Photo: Ponte Vecchio detail. Courtesy of Flickr/CGoulao

Donjek Project: Glossary of Transit-Oriented Development Finance

Cover Access is valuable. In metro regions effective passenger transportation is a critical ingredient of continued competitiveness and quality of life. Due to a range of economic and political factors, rail transportation is expanding as a mode for moving freight and people alike.

Shared experience of regions in the U.S. and internationally suggests that rail transit infrastructure endows nearby property with a substantial value premium. Economist Joe Cortright analyzed 94,000 home sales in 15 metropolitan U.S. markets, and found that homes located within walking distance to varied amenities are valued more highly in the marketplace than comparable property situated elsewhere. Examining two neighborhoods in Charlotte, North Carolina, Cortright identified that a typical home in the Wilmore demands a premium of $34,000 or 12% of median value, compared to much less pedestrian-accessible Ashley Park. The experience of other metro areas including Jacksonville, Chicago, Sacramento and Austin reflect premium levels of $10,000 or more for homes of median value in neighborhoods with high levels of non-auto access.

Early evidence of light rail transit (LRT) lines in this region is consistent with Cortright’s findings. The University of Minnesota’s Center for Transportation Studies released preliminary results of a second-phase study of property appreciation near the Hiawatha LRT Line in Minneapolis.  The process, using residential sale data, has found positive impacts of roughly 25% on single- and multi-family housing located near station areas. Candidly, the Hiawatha Line has been a success in terms of ridership but isn’t particularly effective in stitching neighborhoods together with downtown. If effects are favorable here, they will be so for coming lines that connect Saint Paul and Minneapolis, and Minneapolis’ downtown to its south side and suburbs beyond.

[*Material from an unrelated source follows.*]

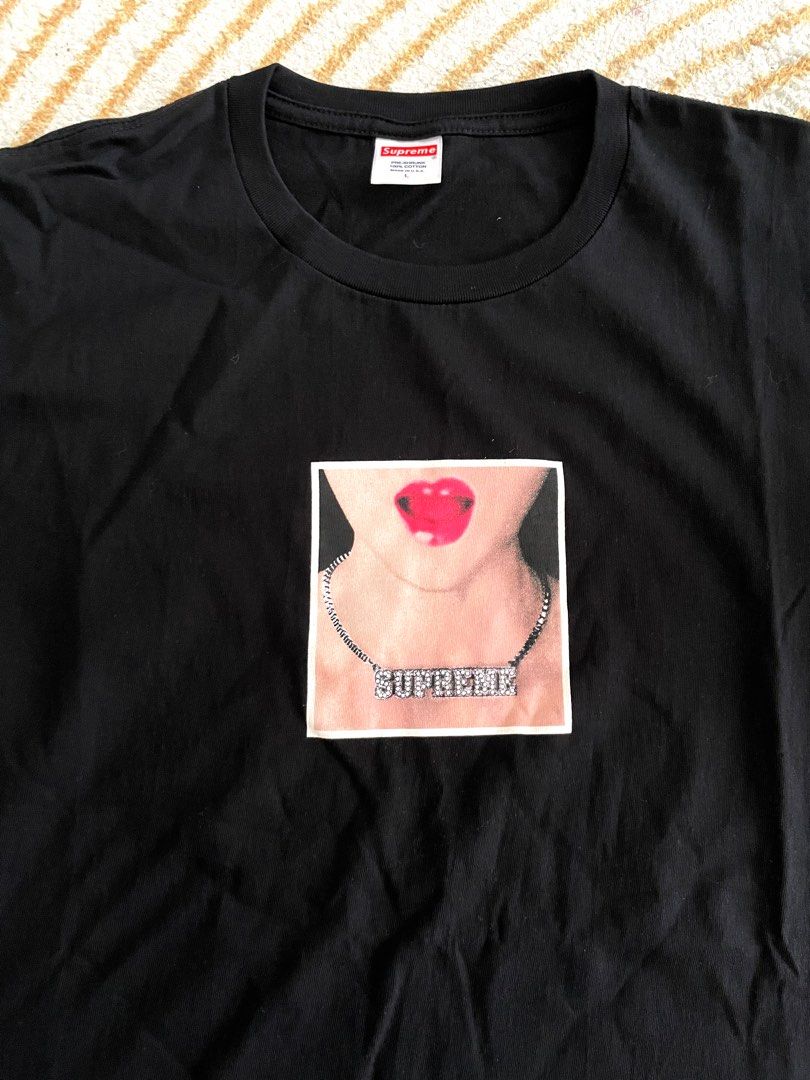 Supreme Pre-Shrunk Black Cotton Tee L, 男裝, 上身及套裝, T-shirt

It’s not just residential property values that are influenced by accessibility. Analyses undertaken for the Urban Land Institute and the National Association of Realtors found a 23% premium in California’s Santa Clara County land values within ¼ mile of light rail transit stops.  Another study of the San Diego LRT system found land value premiums as high as 72-91% for commercial land located near station areas on particular lines; the same study found that commercial land on other lines was discounted by the presence of the LRT stations. A 2007 study of the dense network of Dutch rail stations concluded that commercial property within ¼ mile of a rail station exhibited a land-value premium of over 12%.

Recently, Donjek was hired by a client in the Southeast U.S. to explore national models for financing development adjacent to LRT investments. We focused on multiple tools used to great effect nationally:

  • Transportation Development/Improvement Districts (TDDs, TIDs)
  • Special Assessment Districts (SADs)
  • Tax Increment Financing (TIF) / Project Development Financing Districts
  • Tax Abatement 
  • Joint Development 
  • Transportation Utility Fees (TUFs) 
  • Air Rights, Grants and Loans

Each region is distinct in its history, its disposition about public/private partnerships, its attitudes toward transit, and how high-impact regional decisions are formulated and implemented. These tools are applicable in degrees depending on these and other factors.

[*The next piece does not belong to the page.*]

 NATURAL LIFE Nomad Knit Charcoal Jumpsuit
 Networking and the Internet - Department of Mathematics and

LRT and fixed-rail transit infrastructure doesn’t belong everywhere. And as the Federal Transit Administration has made clear in the last week, the federal government doesn’t intend to build systems that can’t be supported by ridership in the long term. 

One key element to making transit work – for the environmental and fiscal health of the country and its communities – is concentrating development and redevelopment potential where it will be most accessible. These public finance tools can be part of that equation.